== Task prompt ==
Pictures aside, repeat the listing below exactly.

== Information provided ==

********

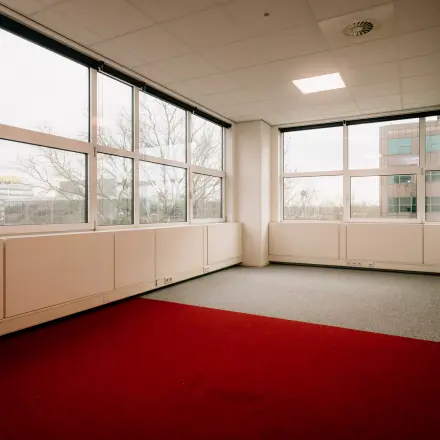 Leeg kantoor in kantoorpand op Overschiestraat 182, Amsterdam De Schinkel, met grote ramen en neutrale vloerbedekking. Ideaal voor kantoorruimte huren met uitzicht op de stad.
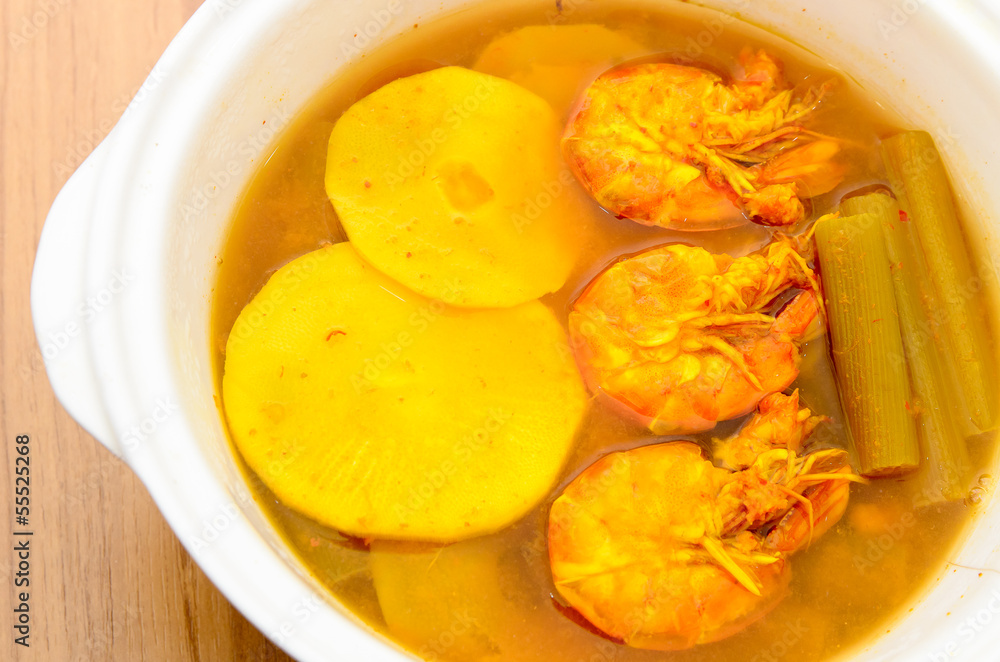 Sour and spicy shrimps curry with bamboo shoot and lotus stem Sour and spicy shrimps curry with bamboo shoot and lotus stem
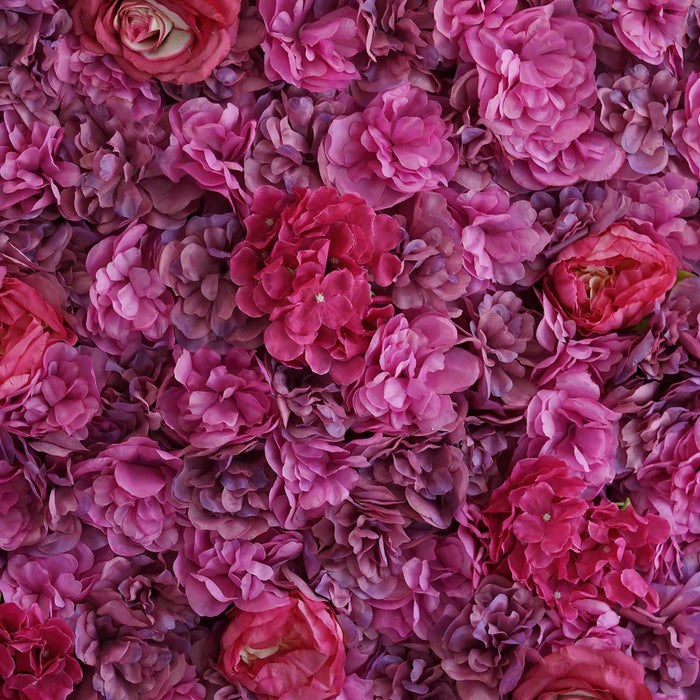Vibrant pink flower arrangement with various blooms and textures. #whtbkgd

********

== Task output ==
 Leeg kantoor in kantoorpand op Overschiestraat 182, Amsterdam De Schinkel, met grote ramen en neutrale vloerbedekking. Ideaal voor kantoorruimte huren met uitzicht op de stad.
 Sour and spicy shrimps curry with bamboo shoot and lotus stem Sour and spicy shrimps curry with bamboo shoot and lotus stem
Vibrant pink flower arrangement with various blooms and textures. #whtbkgd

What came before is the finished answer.